*What you will do:* The line holding "Officer Benjamin Eshelman, Sgt." is the last one to output; start at the first line of the data, keep every line in between exactly, and leave out pictures.

*Data:*
◆ ◆ ◆ ◆ ◆ ◆ ◆

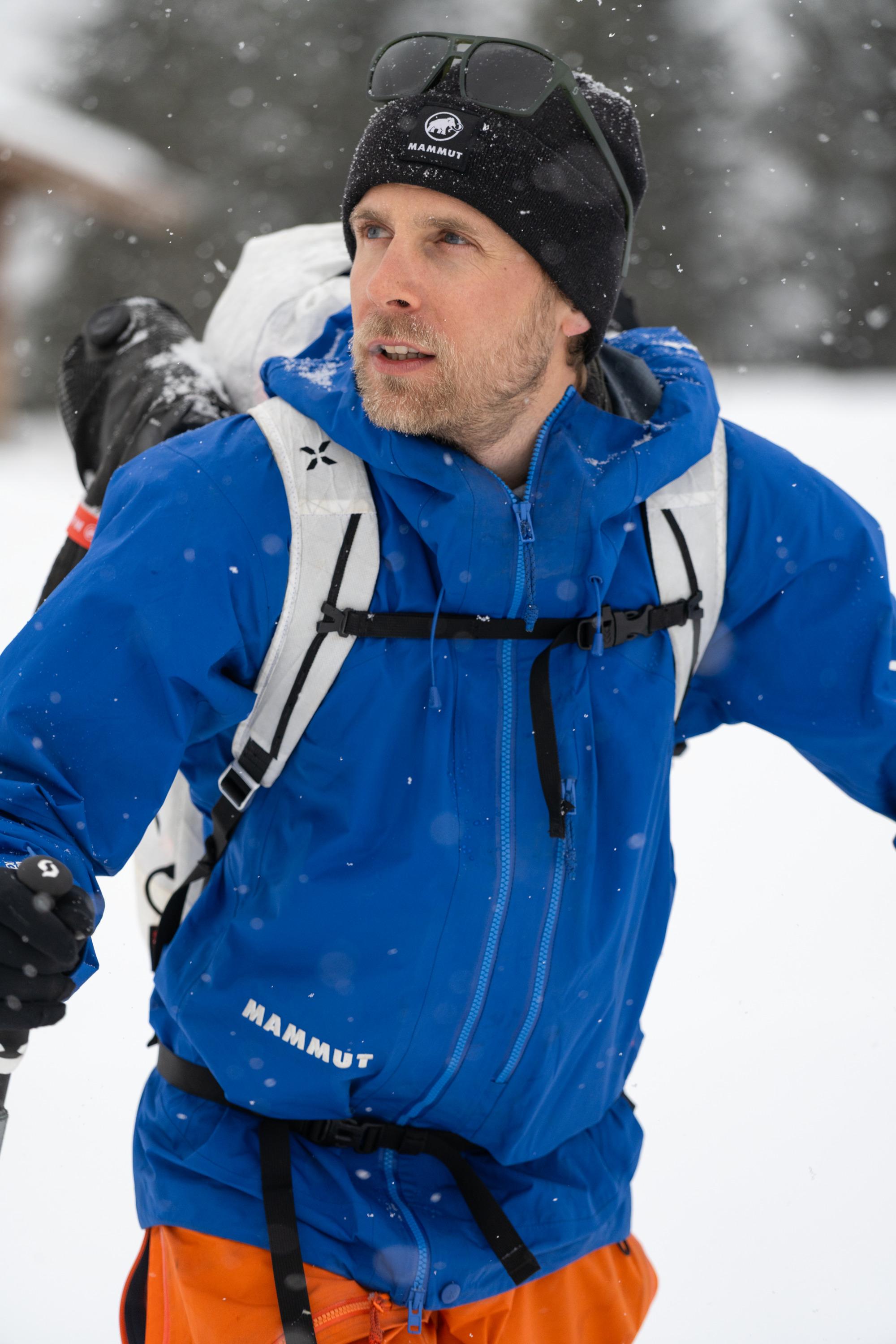 A man in a blue Mammut jacket and black beanie hikes through snowy terrain, carrying a backpack with sunglasses on his hat.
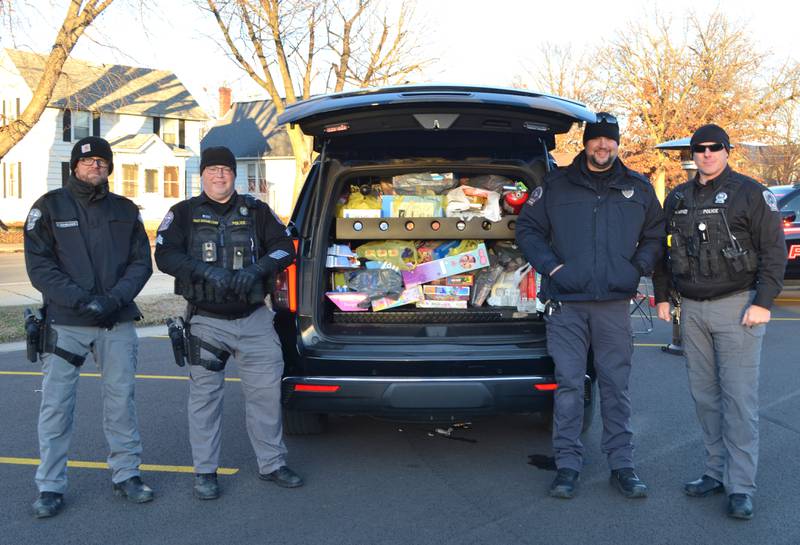 Officer Benjamin Eshelman, Sgt. Dwayne Hamilton, Police Chief Nick Neblung, and Officer Chad Hermes, from left, braved the cold temperatures on Saturday, Dec. 3 to collect toys and cash donations for the Fulton Police Department’s 2nd annual Toy Drive at First Christian Reformed Church. Thanks to the generosity of the community, they were able to fill one and half squad cars with toys while also raising $3,022 to purchase more gifts. All toys and donations will be distributed to kids and families in the River Bend School District.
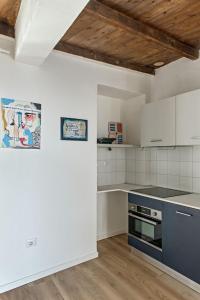 a kitchen with white walls and a wooden ceiling at LevOasi 9 - Lake and mountains escape in Levo +28 photos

◆ ◆ ◆ ◆ ◆ ◆ ◆

*Written response:*
 A man in a blue Mammut jacket and black beanie hikes through snowy terrain, carrying a backpack with sunglasses on his hat.
 Officer Benjamin Eshelman, Sgt. Dwayne Hamilton, Police Chief Nick Neblung, and Officer Chad Hermes, from left, braved the cold temperatures on Saturday, Dec. 3 to collect toys and cash donations for the Fulton Police Department’s 2nd annual Toy Drive at First Christian Reformed Church. Thanks to the generosity of the community, they were able to fill one and half squad cars with toys while also raising $3,022 to purchase more gifts. All toys and donations will be distributed to kids and families in the River Bend School District.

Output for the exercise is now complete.